What you are asked to do:
Could you reproduce every record below exactly, excluding all pictures?

Dataset items

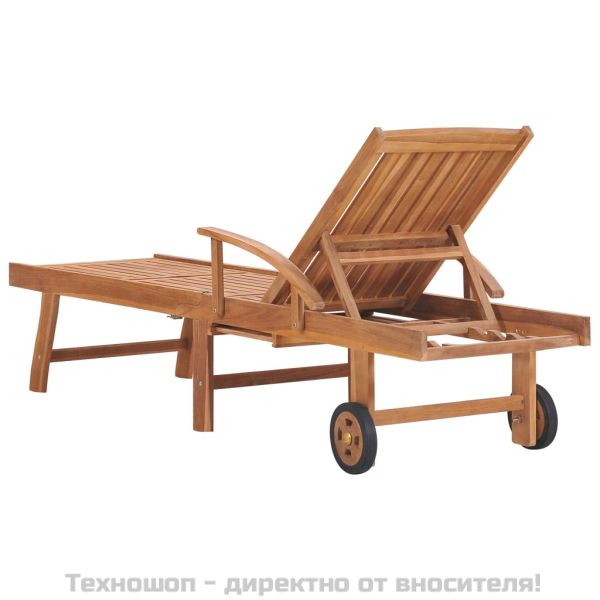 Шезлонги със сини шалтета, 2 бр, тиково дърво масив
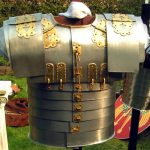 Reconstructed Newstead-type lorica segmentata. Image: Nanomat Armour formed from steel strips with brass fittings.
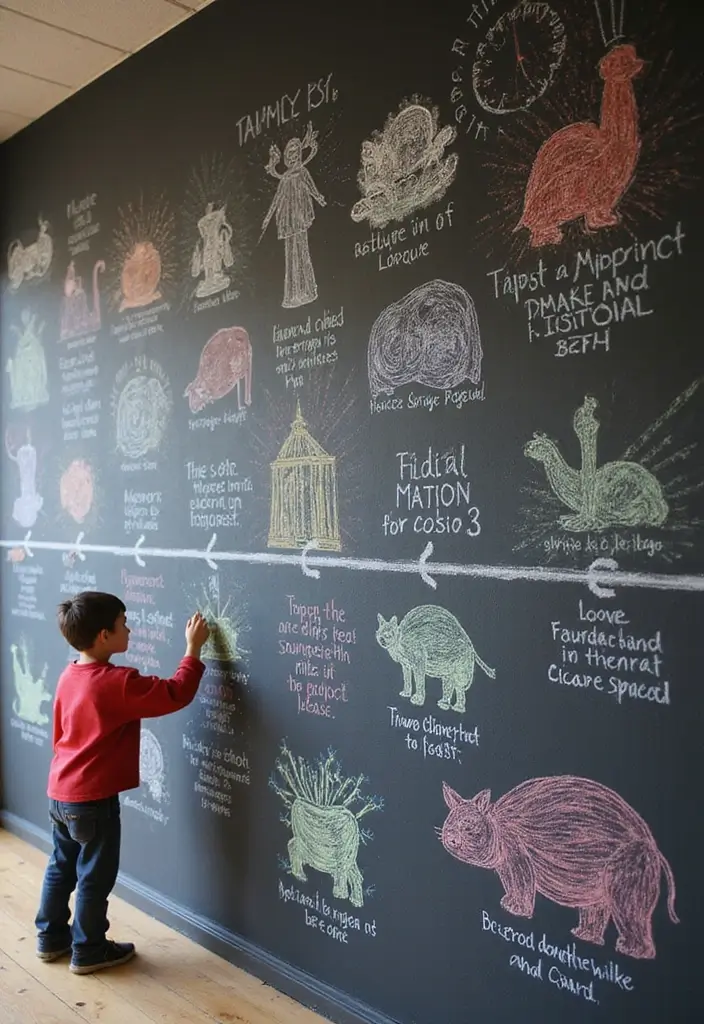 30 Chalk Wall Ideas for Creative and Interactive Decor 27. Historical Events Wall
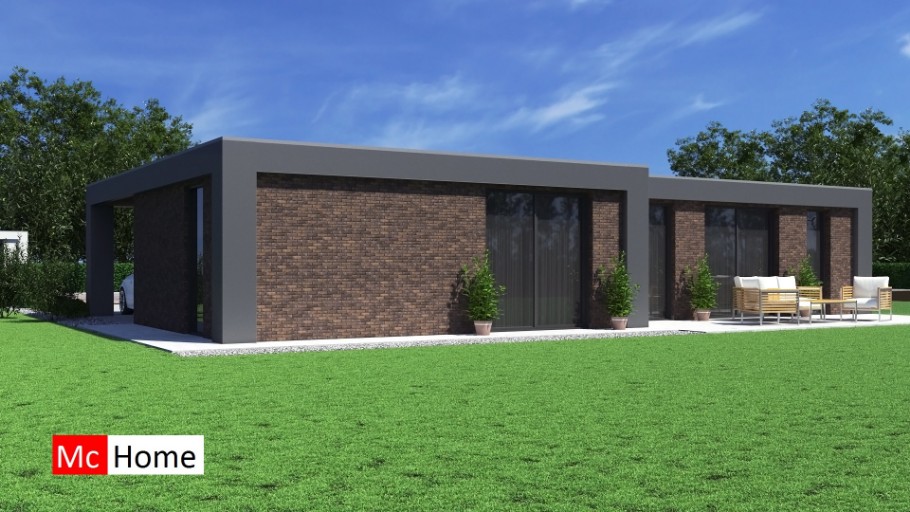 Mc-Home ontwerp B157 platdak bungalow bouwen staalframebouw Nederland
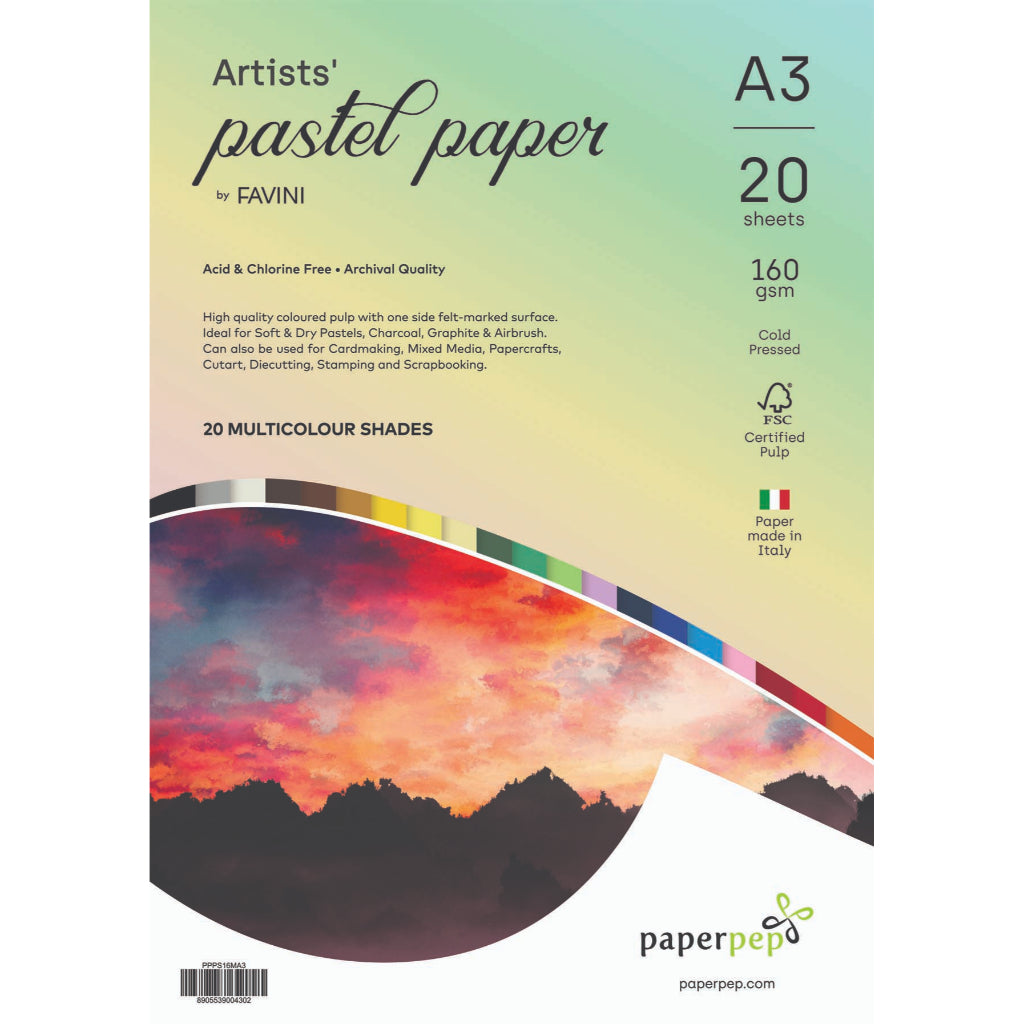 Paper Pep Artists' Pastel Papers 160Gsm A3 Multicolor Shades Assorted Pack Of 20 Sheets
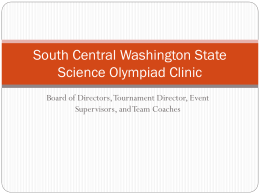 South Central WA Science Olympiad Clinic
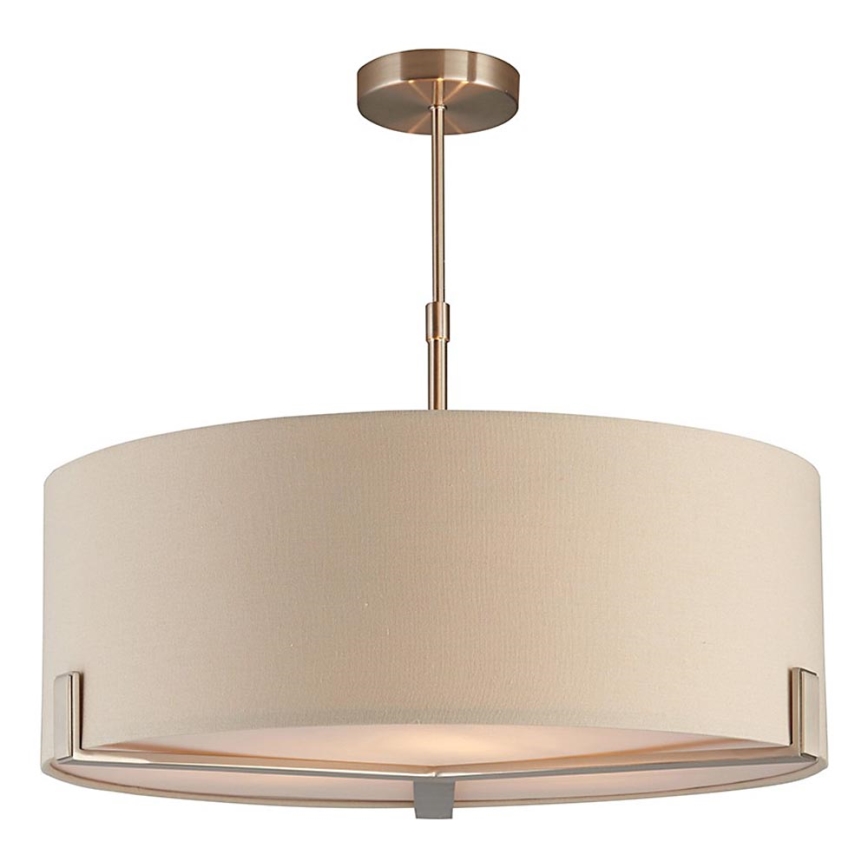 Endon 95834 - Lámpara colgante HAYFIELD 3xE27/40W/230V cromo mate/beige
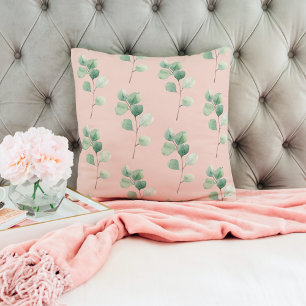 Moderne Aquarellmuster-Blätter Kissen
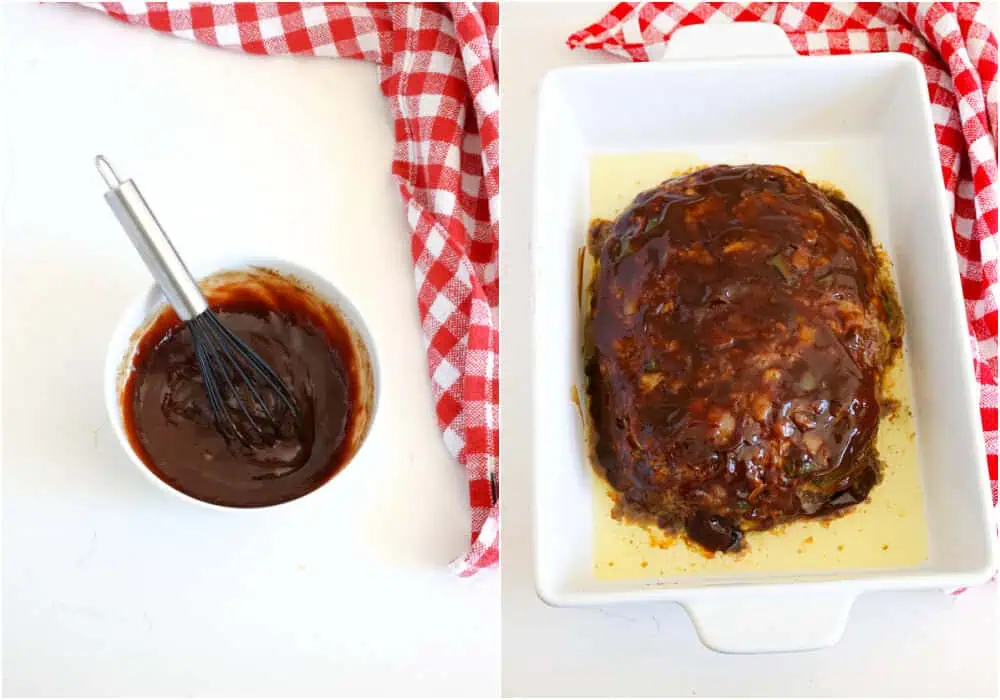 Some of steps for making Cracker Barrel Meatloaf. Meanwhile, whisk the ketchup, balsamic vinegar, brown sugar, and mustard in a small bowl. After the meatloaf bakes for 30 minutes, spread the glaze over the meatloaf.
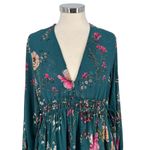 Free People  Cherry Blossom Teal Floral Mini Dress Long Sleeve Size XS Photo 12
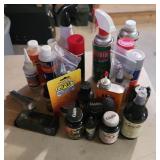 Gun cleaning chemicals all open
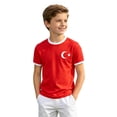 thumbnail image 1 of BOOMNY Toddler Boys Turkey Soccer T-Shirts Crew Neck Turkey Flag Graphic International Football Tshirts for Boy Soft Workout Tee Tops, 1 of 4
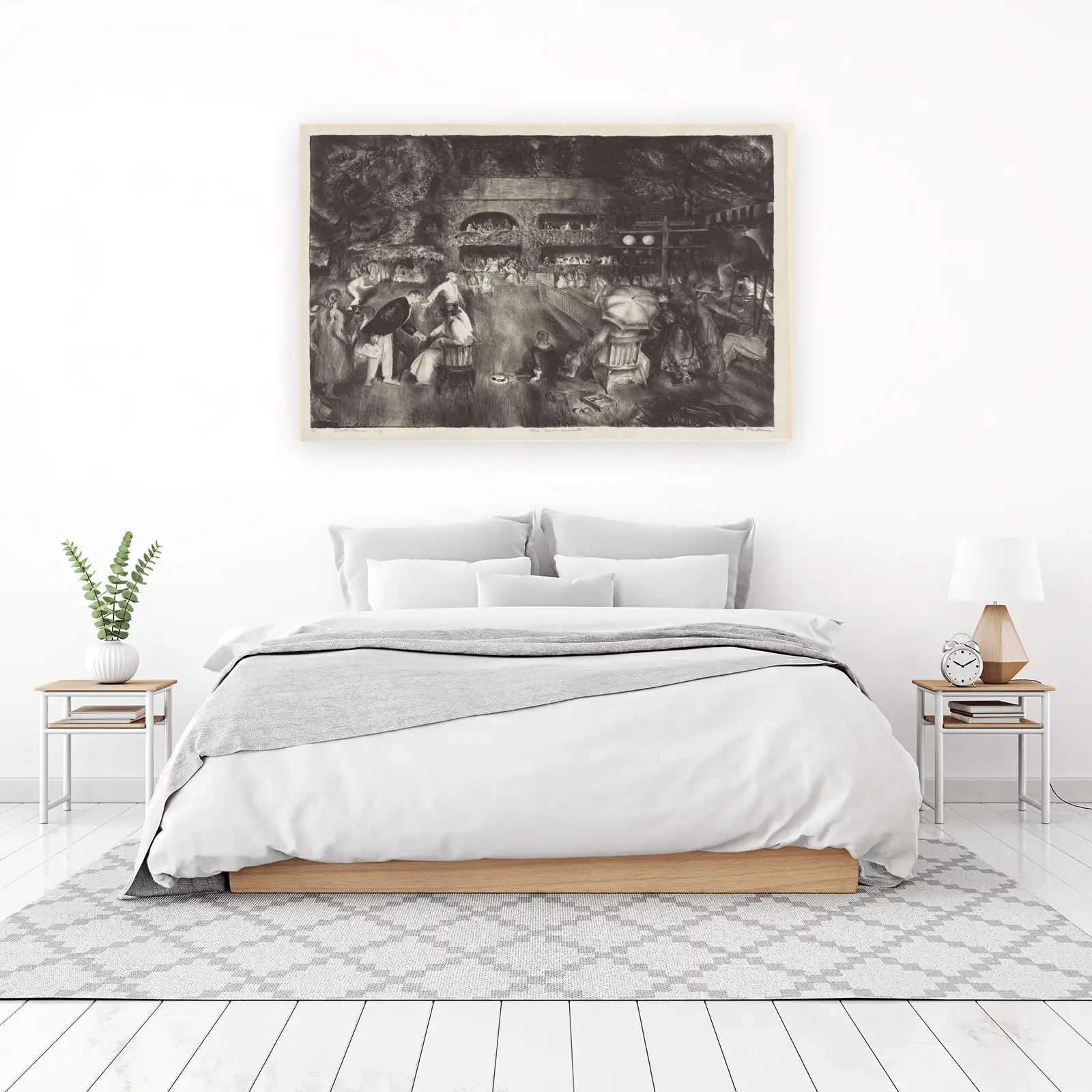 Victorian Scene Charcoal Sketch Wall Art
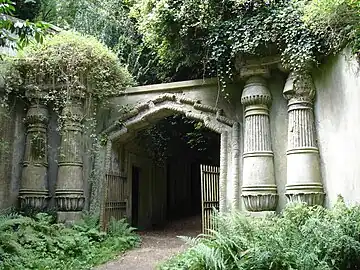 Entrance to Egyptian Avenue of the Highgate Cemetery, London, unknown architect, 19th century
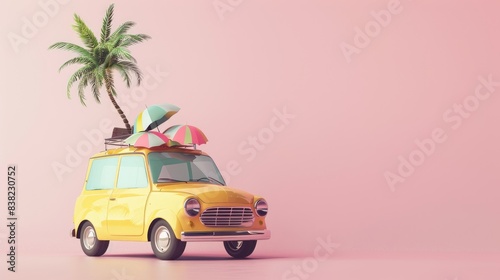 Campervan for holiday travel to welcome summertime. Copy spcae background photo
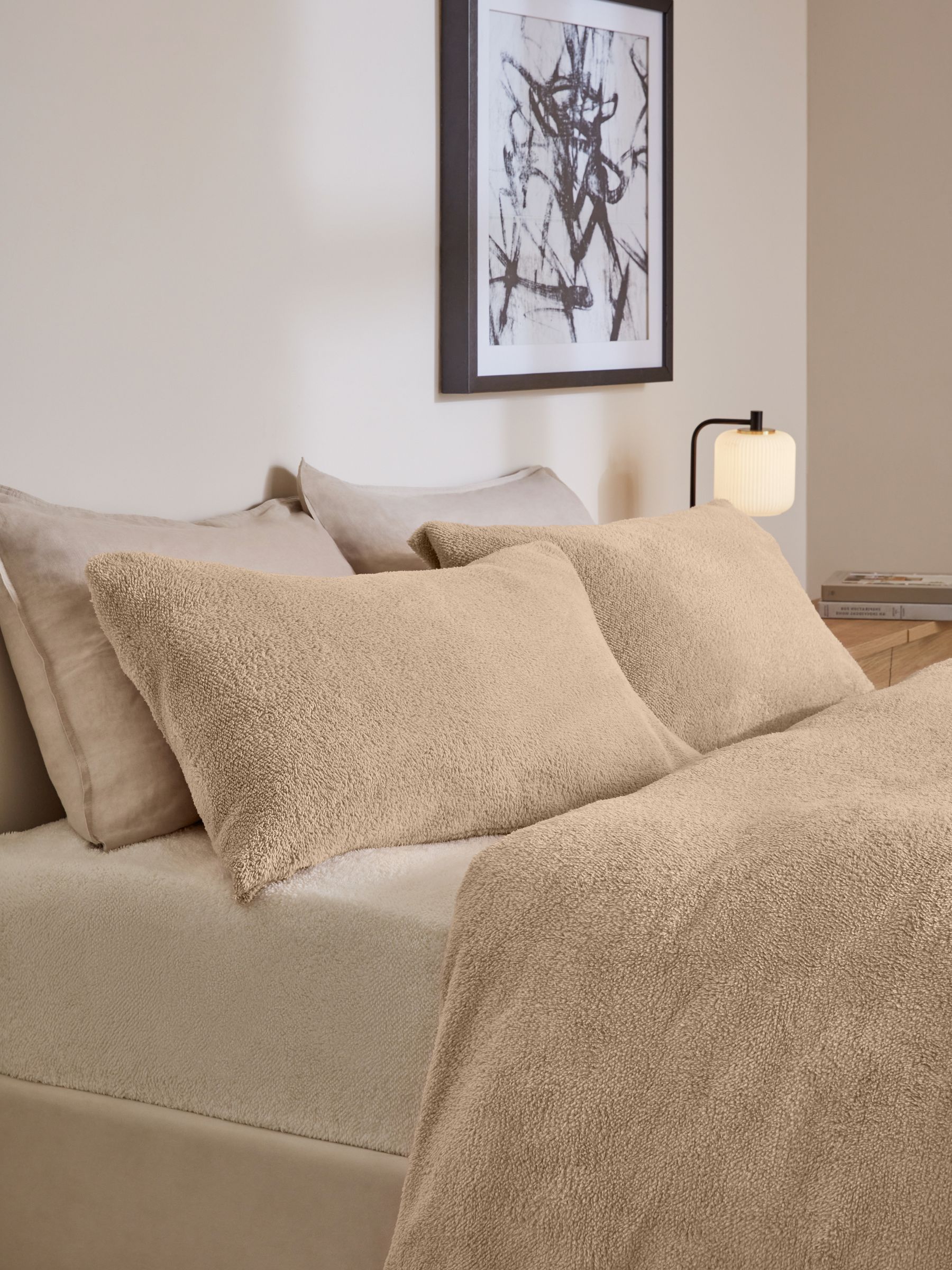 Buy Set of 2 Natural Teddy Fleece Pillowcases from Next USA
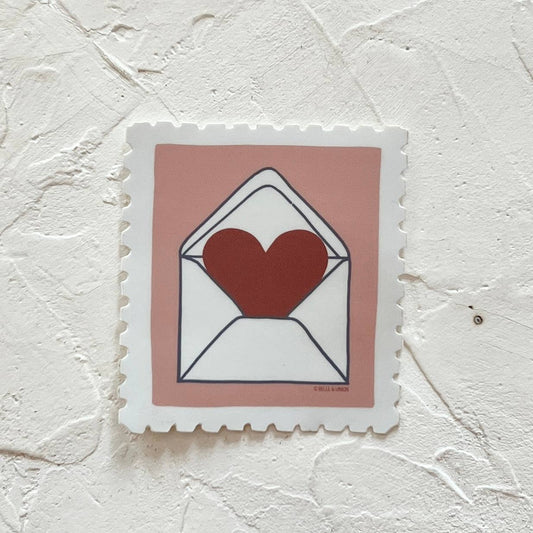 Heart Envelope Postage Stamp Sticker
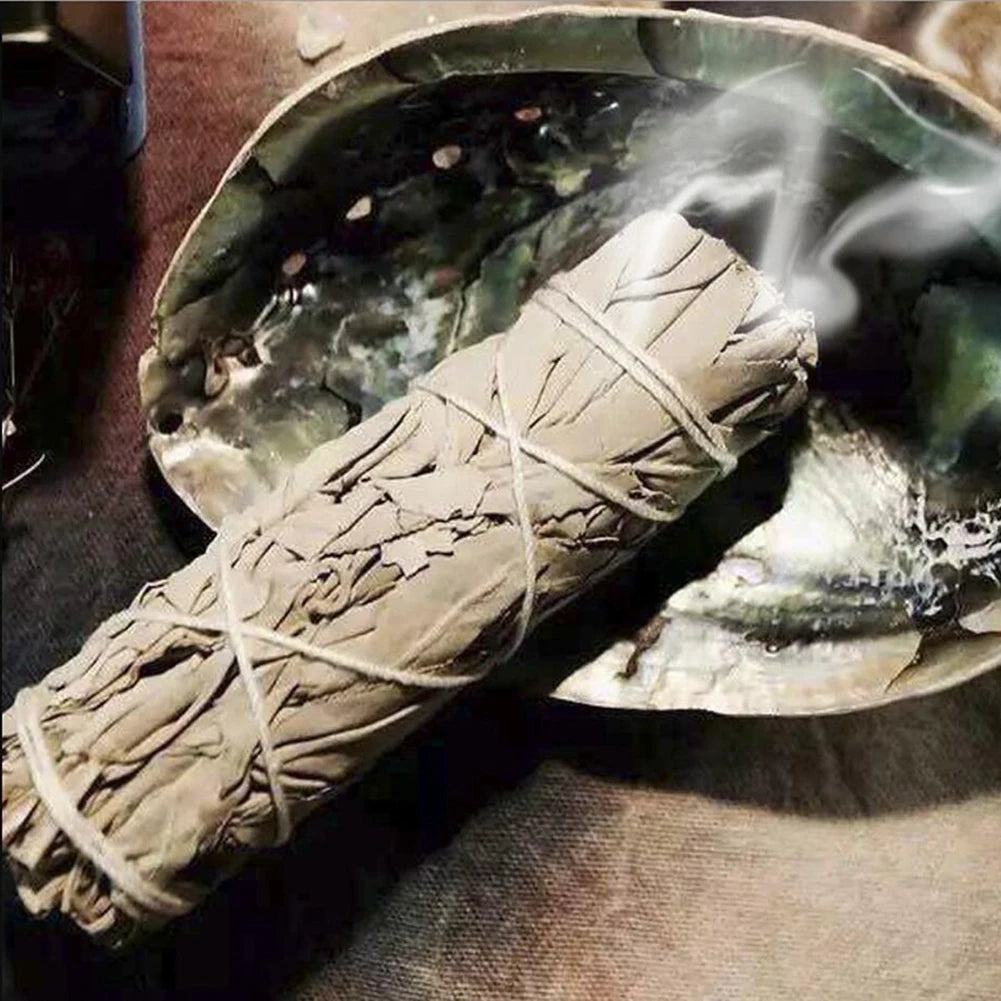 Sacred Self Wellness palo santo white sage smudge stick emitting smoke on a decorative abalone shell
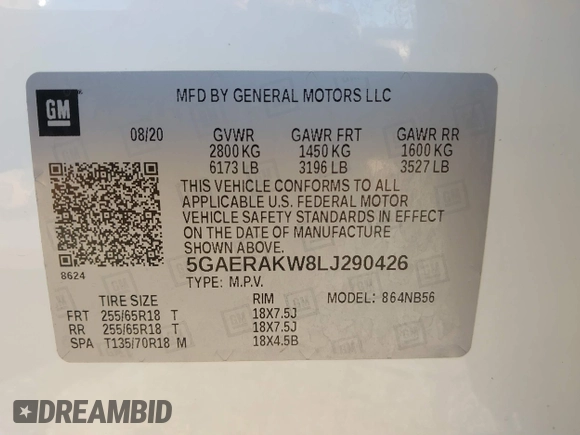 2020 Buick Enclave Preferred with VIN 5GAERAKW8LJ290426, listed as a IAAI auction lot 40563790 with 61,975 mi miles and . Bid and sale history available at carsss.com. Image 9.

Response to this exercise:
 Шезлонги със сини шалтета, 2 бр, тиково дърво масив
 Reconstructed Newstead-type lorica segmentata. Image: Nanomat Armour formed from steel strips with brass fittings.
 30 Chalk Wall Ideas for Creative and Interactive Decor 27. Historical Events Wall
 Mc-Home ontwerp B157 platdak bungalow bouwen staalframebouw Nederland
 Paper Pep Artists' Pastel Papers 160Gsm A3 Multicolor Shades Assorted Pack Of 20 Sheets
 South Central WA Science Olympiad Clinic
 Endon 95834 - Lámpara colgante HAYFIELD 3xE27/40W/230V cromo mate/beige
 Moderne Aquarellmuster-Blätter Kissen
 Some of steps for making Cracker Barrel Meatloaf. Meanwhile, whisk the ketchup, balsamic vinegar, brown sugar, and mustard in a small bowl. After the meatloaf bakes for 30 minutes, spread the glaze over the meatloaf.
 Free People  Cherry Blossom Teal Floral Mini Dress Long Sleeve Size XS Photo 12
 Gun cleaning chemicals all open
 thumbnail image 1 of BOOMNY Toddler Boys Turkey Soccer T-Shirts Crew Neck Turkey Flag Graphic International Football Tshirts for Boy Soft Workout Tee Tops, 1 of 4
 Victorian Scene Charcoal Sketch Wall Art
 Entrance to Egyptian Avenue of the Highgate Cemetery, London, unknown architect, 19th century
 Campervan for holiday travel to welcome summertime. Copy spcae background photo
 Buy Set of 2 Natural Teddy Fleece Pillowcases from Next USA
 Heart Envelope Postage Stamp Sticker
 Sacred Self Wellness palo santo white sage smudge stick emitting smoke on a decorative abalone shell
 2020 Buick Enclave Preferred with VIN 5GAERAKW8LJ290426, listed as a IAAI auction lot 40563790 with 61,975 mi miles and . Bid and sale history available at carsss.com. Image 9.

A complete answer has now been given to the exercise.